Enough about me. I feel like I am whining.
We spoke of Mikey, of course. I gave him a brief history and he suggested, without seeing him, the removal of dairy and wheat from his diet. I scheduled an appointment for him in March so he can do a proper work up on him, but for now I begin the task of modifying our diets. I’m not afraid of the challenge. When Nicholas was deathly allergic to nuts, his allergist told me the greatest chance he had for outgrowing his allergy would be complete avoidance of any and all nuts, including tree nuts. We were also instructed to avoid any item made in a facility that handles nuts. That eliminated most foods sold in health food stores and Trader Joe’s.

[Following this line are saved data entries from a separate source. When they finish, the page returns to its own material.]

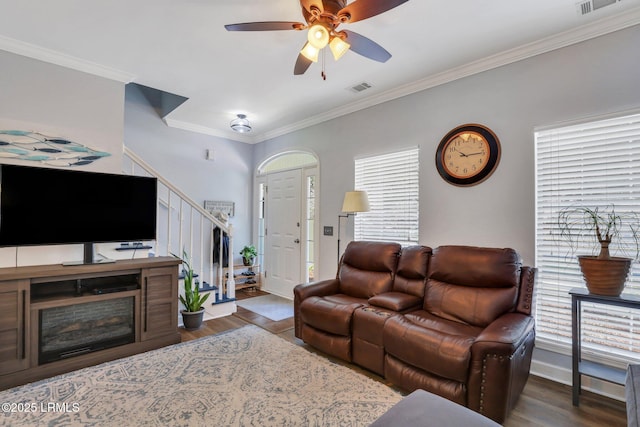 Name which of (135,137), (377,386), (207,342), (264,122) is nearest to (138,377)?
(207,342)

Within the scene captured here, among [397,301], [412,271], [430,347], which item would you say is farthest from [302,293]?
[430,347]

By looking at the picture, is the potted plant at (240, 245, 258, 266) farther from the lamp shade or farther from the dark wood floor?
→ the dark wood floor

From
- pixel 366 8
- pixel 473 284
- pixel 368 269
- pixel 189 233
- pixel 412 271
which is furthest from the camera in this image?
pixel 189 233

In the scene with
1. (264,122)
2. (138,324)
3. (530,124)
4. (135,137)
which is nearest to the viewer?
(530,124)

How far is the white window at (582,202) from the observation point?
2.17 metres

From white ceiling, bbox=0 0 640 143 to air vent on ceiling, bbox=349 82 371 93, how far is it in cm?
6

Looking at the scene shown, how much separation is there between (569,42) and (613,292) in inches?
76.3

I made almost everything from scratch and we rarely ate out. It was a challenge at first, but I got used to it and established a good routine. In retrospect, it was the healthiest the boys have ever been. Still sick frequently, but not as much.

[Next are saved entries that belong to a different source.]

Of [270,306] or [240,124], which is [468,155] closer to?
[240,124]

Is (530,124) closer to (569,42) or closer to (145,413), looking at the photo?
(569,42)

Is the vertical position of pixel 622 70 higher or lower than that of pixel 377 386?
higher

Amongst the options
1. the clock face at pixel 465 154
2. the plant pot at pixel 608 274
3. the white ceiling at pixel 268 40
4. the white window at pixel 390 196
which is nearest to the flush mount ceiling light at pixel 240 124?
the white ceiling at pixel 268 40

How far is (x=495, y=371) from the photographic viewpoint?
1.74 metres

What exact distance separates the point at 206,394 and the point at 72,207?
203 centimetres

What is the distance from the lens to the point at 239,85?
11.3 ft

I found a few books on Amazon that touched upon childhood asthma, allergies, and healthy homes. Before I bought them, I thought I would try to corral some of the books I already have on the subject to avoid duplication. This is but a smattering; there are a few I know I have but can’t find. I was embarrassed, and closed the page on Amazon.

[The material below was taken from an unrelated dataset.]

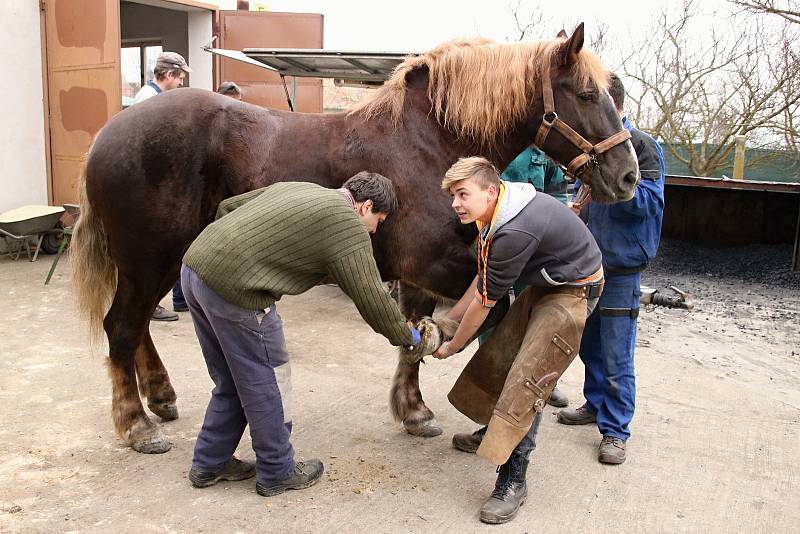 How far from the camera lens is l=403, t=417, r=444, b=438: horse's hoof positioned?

After my appointment on Tuesday, I felt more tired than usual and didn’t feel like doing much of anything. I attributed this to the stress of getting my blood results and the stress of talking about Mikey and admitting that something is not entirely right. I spent the last two days doing more research, of course (those of you who follow me on Twitter know I’ve been tweeting studies I’ve found), but I also spent a good deal of time vegging out reading books and blogs. Kelly always shares the best links, and her Monday post was no different. I found myself on Rachel Saldana’s blog reading about positivity.
Positivity is an attitude I often lack when it comes to myself. For others, I can be a damn fine cheerleader. Top-notch, in fact. But when it comes to me I resemble Eeyore. I’m never good enough, smart enough, and definitely not thin enough. My mom bought me that Norman Vincent Peale book at the top of the right stack when I was a newlywed. Come to think of it, she’s bought me plenty of books simplifying, slowing down, and positive attitude. When I was in college, my brother bought me this book for Christmas. I thought he was joking. He was not. I should see if I still have it. (I never read it.)
So there I was, reading Buttons Magee, thinking maybe Mikey could get better, or improve faster, if I change my attitude. Many people I admire credit positive thinking for much of their success. Even Oprah, for goodness sakes, thinks it’s the bee’s knees. At Camp Mighty, one of Oprah’s producers shared her philosophy on positive thinking and creating intentions. I remember feeling inspired, convinced I would start being more positive from that point forward. Then I started worrying about looking stoned because my new mascara made my eyes burn. So much for that.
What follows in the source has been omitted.